Por Sofía Guadarrama Collado
El 3 de septiembre de 2025, Beijing se convirtió en el set de una película distópica con presupuesto ilimitado. Misiles hipersónicos, drones con cara de pocos amigos, tanques que rugen como dragones y robots que parecen salidos de una secuela de Terminator circularon por la Plaza de Tiananmen, en el desfile militar más ostentoso de la historia china, para celebrar el 80º aniversario de la victoria sobre Japón, en la Segunda Guerra Mundial, también conocida como «V-Day», aunque el tono era más de «Venganza Day», al que acudieron —como grupo de mafiosos que acuden a la boda de El Padrino— 26 líderes de países donde la democracia no es una utopía sino una fantasía inalcanzable: Rusia, Corea del norte, Camboya, Vietnam, Laos, Indonesia, Malasia, Mongolia, Pakistán, Nepal, Maldivas, Kazajistán, Uzbekistán, Tayikistán, Kirguistán, Turkmenistán, Bielorrusia, Azerbaiyán, Armenia, Irán, República del Congo, Zimbabue, Serbia, Myanmar, Eslovaquia y Cuba. Casi todos acusados de corrupción, graves abusos de derechos humanos, prisiones políticas, tortura, esclavitud, asesinatos, crímenes de guerra, secuestro de menores y crímenes de lesa humanidad. Una alineación digna de una orgía diplomática que ni al mismísimo Marqués de Sade se le hubiera ocurrido.

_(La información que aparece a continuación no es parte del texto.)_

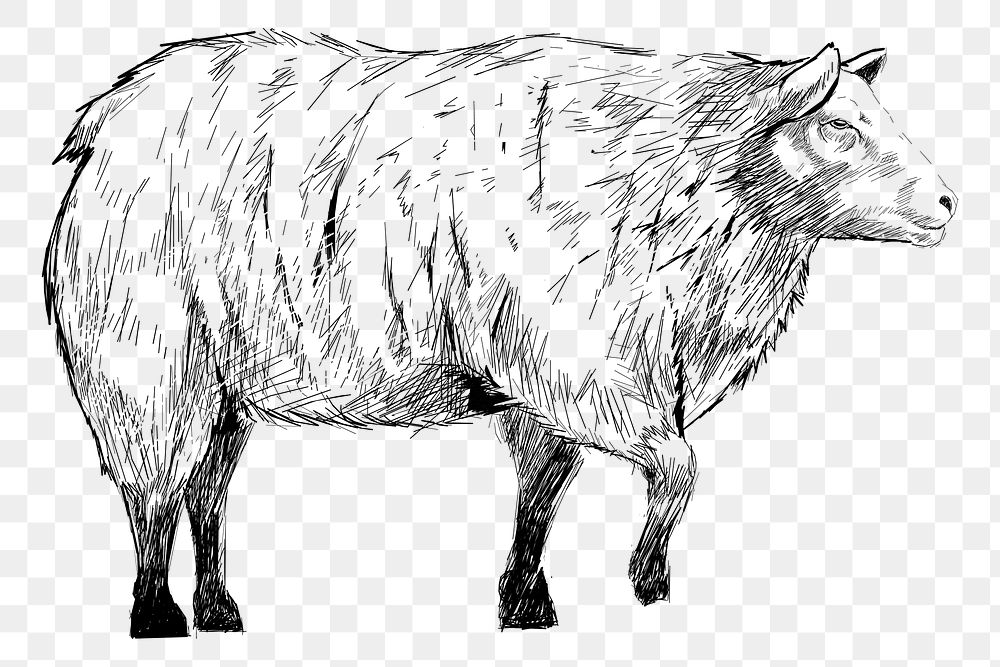 Png Sheep sketch  animal illustration, transparent background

No era una celebración: era una advertencia. El simbolismo fue claro: aquí estamos los regímenes de partido único, autoritarios, militares, dinásticos o teocráticos, somos muchos, y no nos gusta Occidente. ¿Cómo la ven?

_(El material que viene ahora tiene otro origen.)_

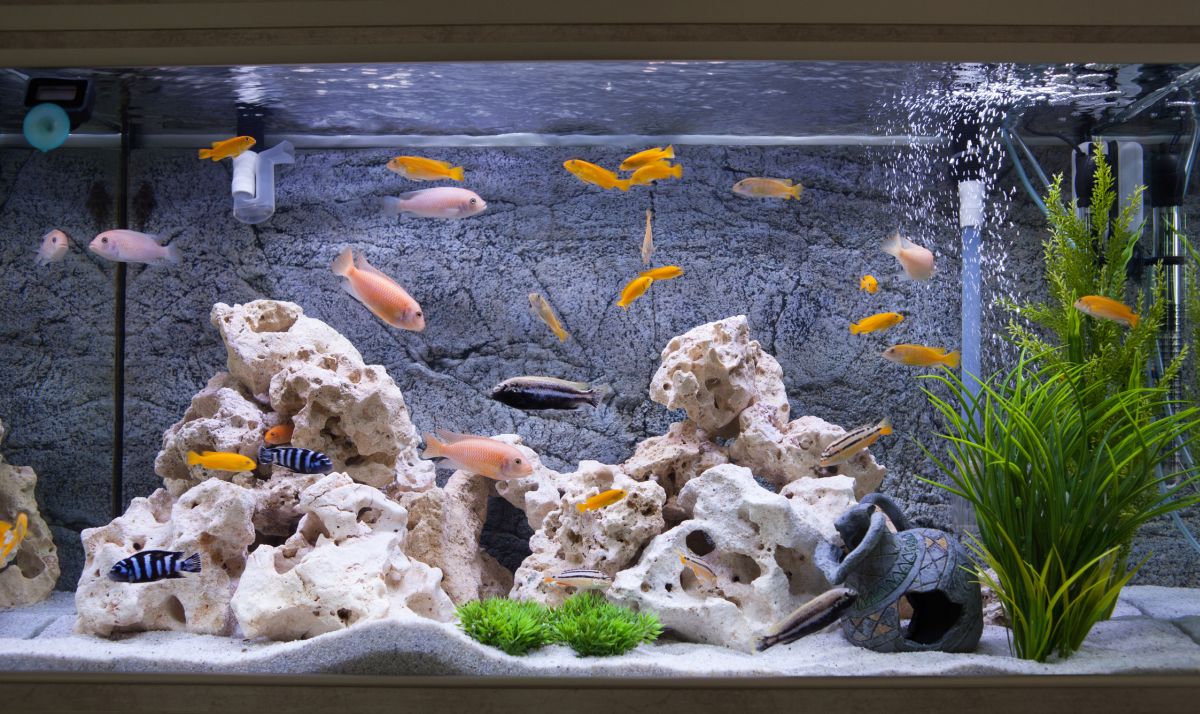 How To Increase Ph Fish Tank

Xi Jinping, Vladimir Putin y Kim Jong Un caminaron juntos por una alfombra roja como si fueran los tres jinetes del apocalipsis autoritario. No era una escena diplomática, era una postal de la Guerra Fría rehecha en alta definición. Xi Jinping, con tono mesiánico, habló de una «elección entre paz o guerra» y proclamó que «China es imparable». La frase, más que una declaración, fue un epitafio para el multilateralismo.
Tras el desfile, cuando aún flotaba en el aire el eco metálico de los tanques y la coreografía de los fusiles, Putin y Kim se encerraron en la solemne penumbra de la residencia estatal Diaoyutai. Allí el ruso agradeció el envío de tropas norcoreanas a Ucrania a lo que el coreano respondió que era «una deuda fraternal», hyeongje-ui bij en su lengua. No era una ocurrencia. La frase, evocaba la epopeya que salvó a su abuelo, Kim Il-Sung en aquella Guerra de Corea donde China, en gesto de hermano mayor indomable, arrojó millones de «Voluntarios del Pueblo» contra la maquinaria bélica de las Naciones Unidas, comandada por Washington. De no haber sido por esa marea humana, Corea del Norte hoy sería un puñado de demarcaciones pertenecientes a Corea del Sur.
Al invocar esa deuda, Kim no sólo le guiñó un ojo a Moscú, sino que clavaba un recordatorio punzante en el corazón de Pekín —y, de paso, en el del mundo entero: que la respiración misma de su régimen sigue siendo, desde 1950, una deuda que nunca termina de pagarse.
La escena, digna de una novela de espionaje, confirma lo que muchos temen: el eje autoritario se rearma, se organiza y se exhibe: una clara señal de realineamiento estratégico contra la hegemonía occidental.
Miguel Díaz-Canel, fue el único gobernante de América Latina presente, y aunque podría parecer un enano junto a estos titanes, su papel no fue decorativo, sigue siendo indispensable para el desmantelamiento de las democracias en Latinoamérica.
Por lo mismo, se encendieron las alarmas en Estados Unidos. Donald Trump, fiel a su estilo, hizo lo que mejor sabe hacer: incendiar las redes y acusó a los líderes de «conspirar contra Estados Unidos» y publicó un mensaje en Truth Social que mezcla sarcasmo y paranoia: «Please give my warmest regards to Vladimir Putin, and Kim Jong Un, as you conspire against The United States of America».